**Work required**
Without any pictures, retype exactly the lines from the one with "White Mark Open" through the final line of the records.

═══ Stored data ═══

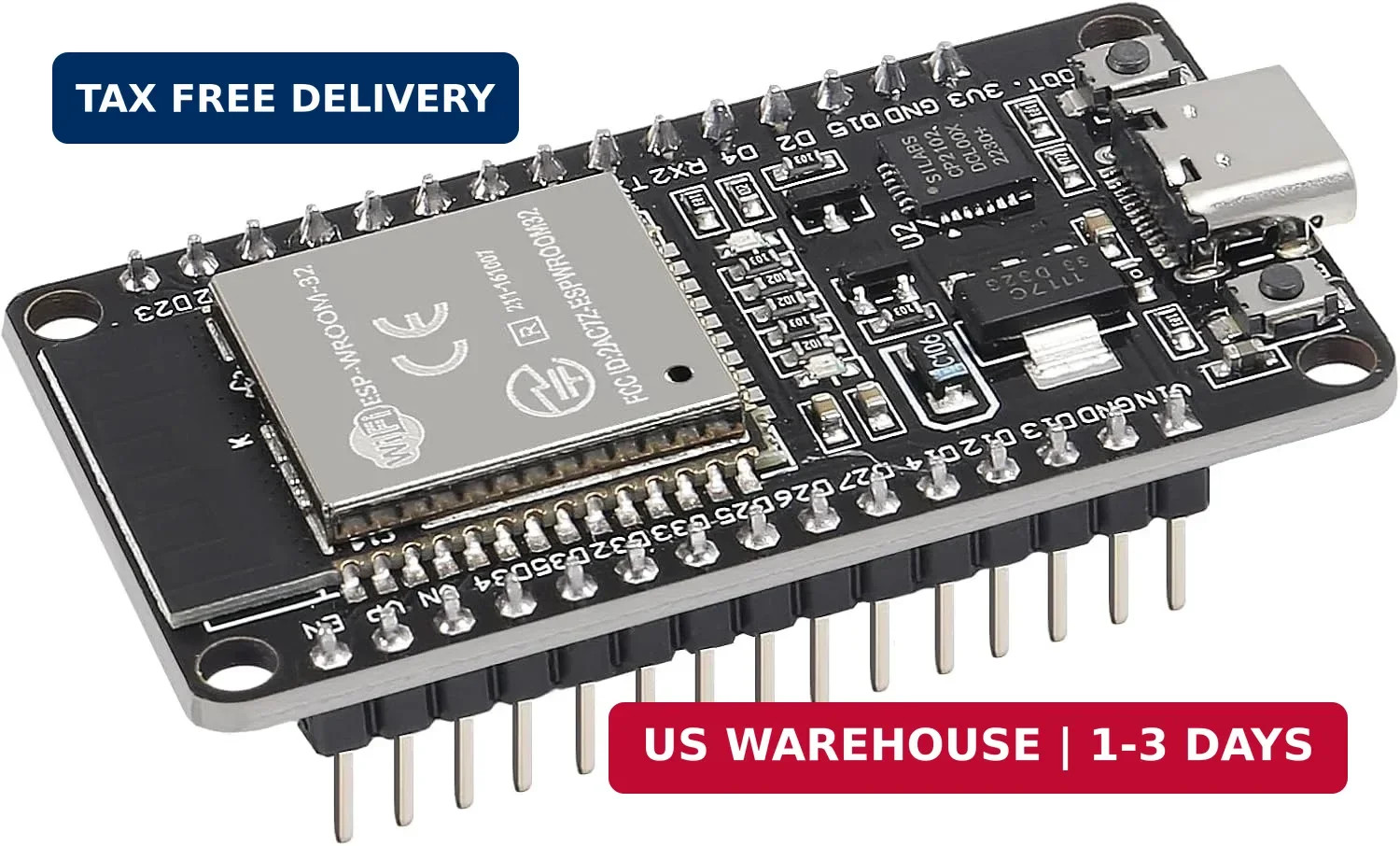 AITRIP 3PCS Type c 30pins CP2102 ESP-WROOM-32 ESP32 ESP-32S Development Board 2.
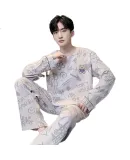 LangSha Cartoon Pure Cotton Pajamas for Men, Autumn New Style Round Neck Long Sleeve Pullover Youth Men's All-Cotton Personalized Home Wear Set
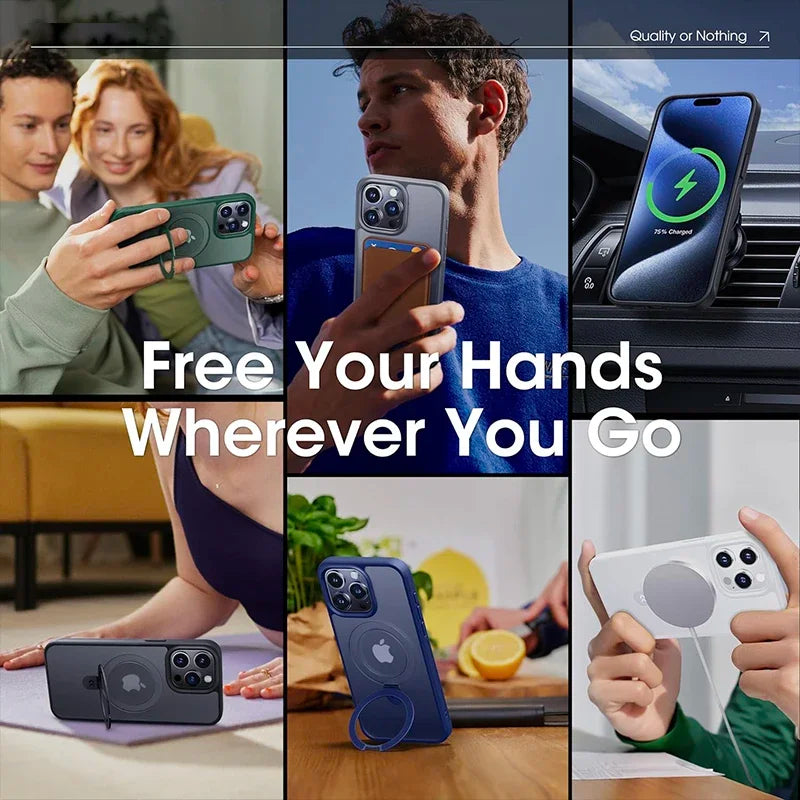 Matte Magnetic Ring Stand Case for iPhone – Ultra Slim Cover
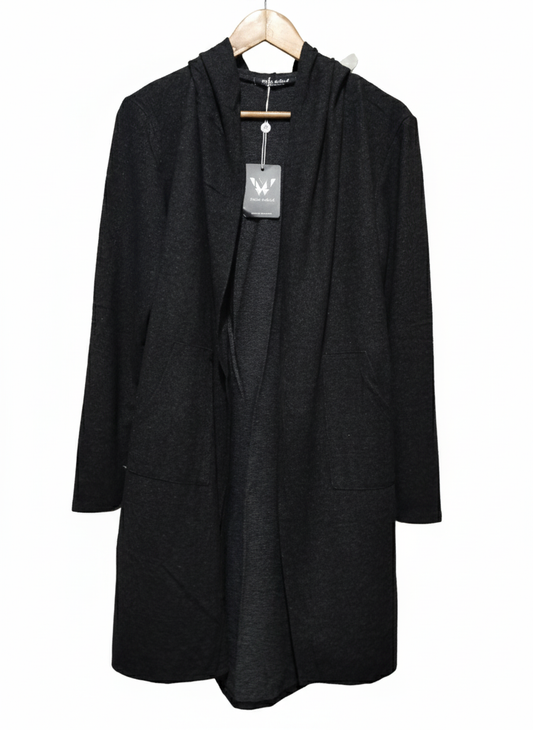 White Mark Open Front Duster With Hood Plus Size OSFM Black Heather Pockets W-19.5/L-36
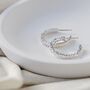 Medium Open Textured Sterling Silver Hoops, thumbnail 2 of 4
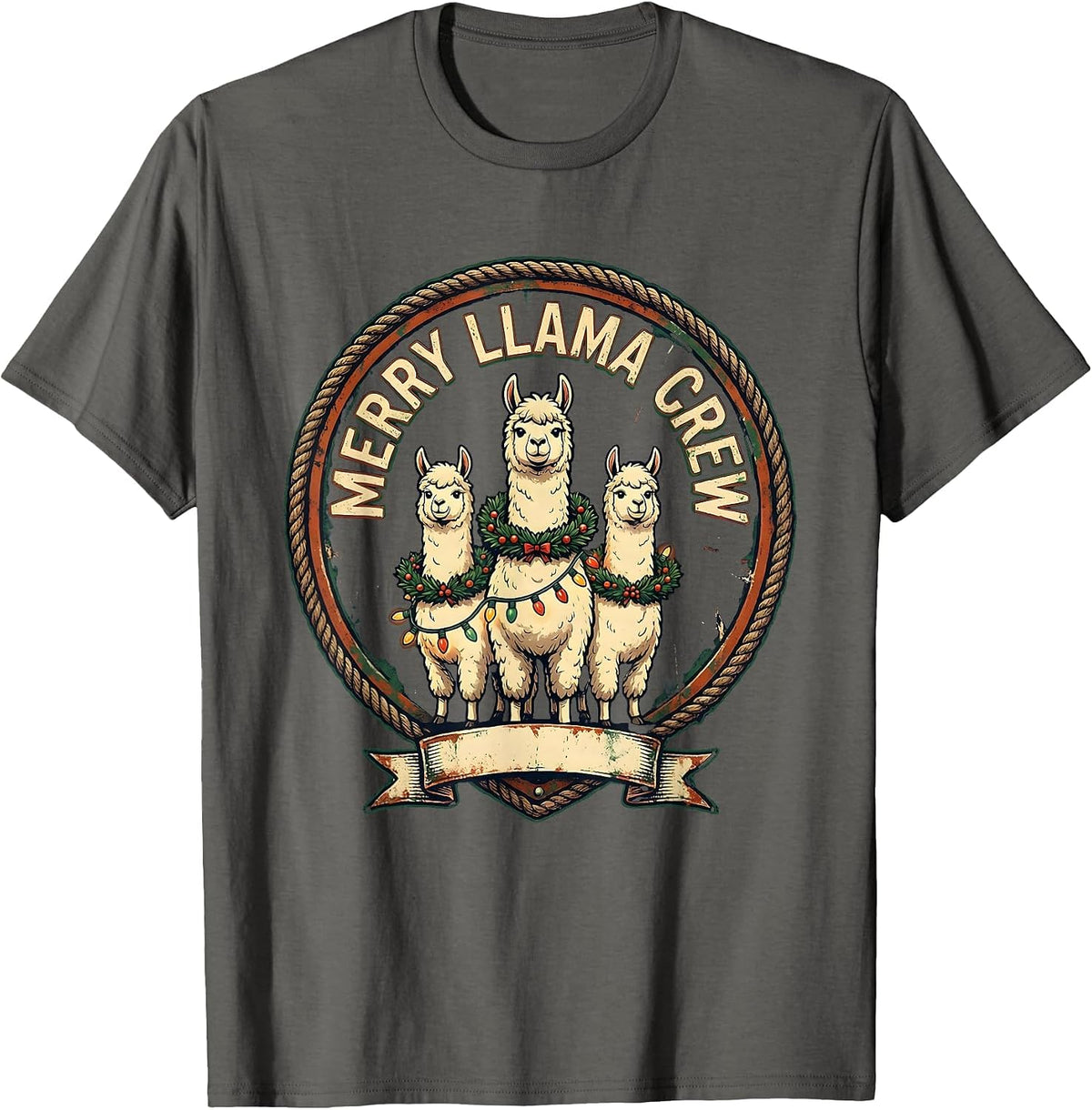 Men's Merry Llama Crew Vintage Funny Llama Lover Christmas T-Shirt - Asphalt Grey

═══

**Expected output**
 White Mark Open Front Duster With Hood Plus Size OSFM Black Heather Pockets W-19.5/L-36
 Medium Open Textured Sterling Silver Hoops, thumbnail 2 of 4
 Men's Merry Llama Crew Vintage Funny Llama Lover Christmas T-Shirt - Asphalt Grey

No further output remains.